_EXTRACTED INFORMATION_
Content starts

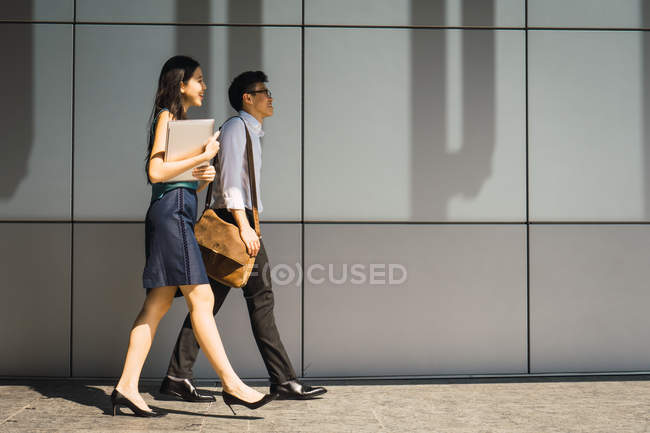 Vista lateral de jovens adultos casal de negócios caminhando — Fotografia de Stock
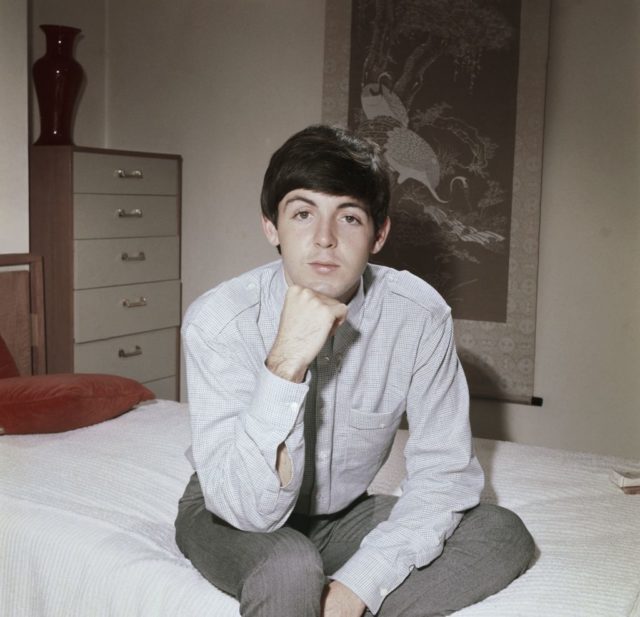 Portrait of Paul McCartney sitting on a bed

Content ends
Content starts

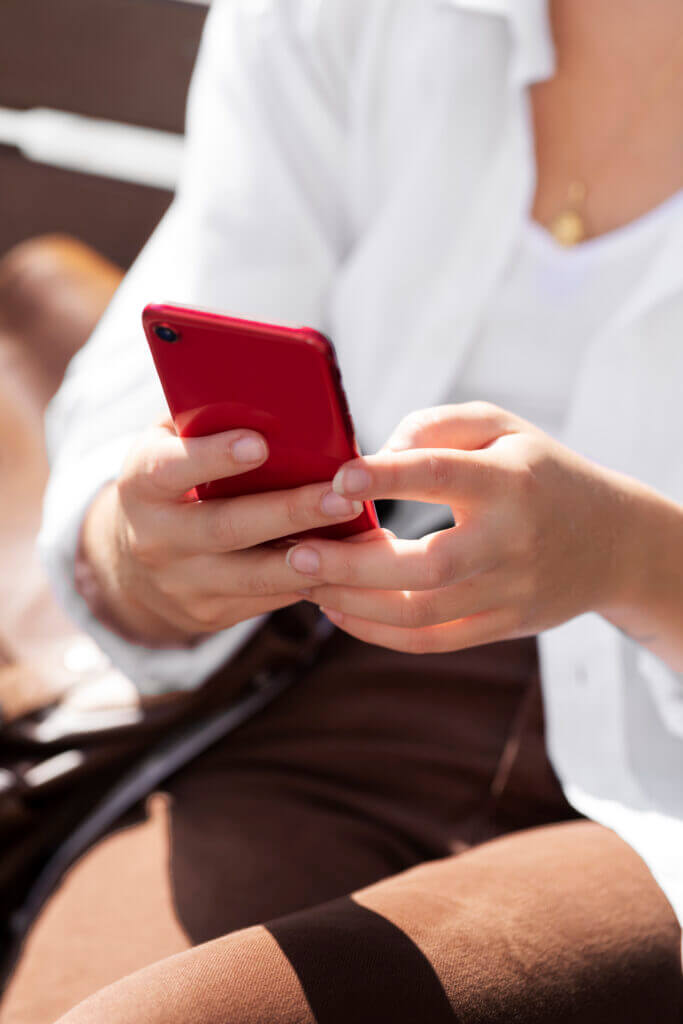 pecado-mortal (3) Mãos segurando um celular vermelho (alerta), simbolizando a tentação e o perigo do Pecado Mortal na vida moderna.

Content ends
Content starts

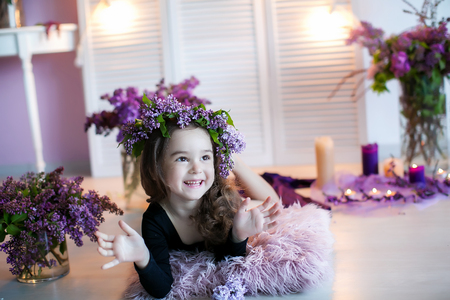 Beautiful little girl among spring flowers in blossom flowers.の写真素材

Content ends

_WHAT THE EXERCISE ASKS_
In the listing above, the required lines run from the line with "Vista lateral de" through the line with "Portrait of Paul McCartney sitting on a bed". Output exactly those lines, omitting pictures.

_SOLUTION TO THE EXERCISE_
 Vista lateral de jovens adultos casal de negócios caminhando — Fotografia de Stock
 Portrait of Paul McCartney sitting on a bed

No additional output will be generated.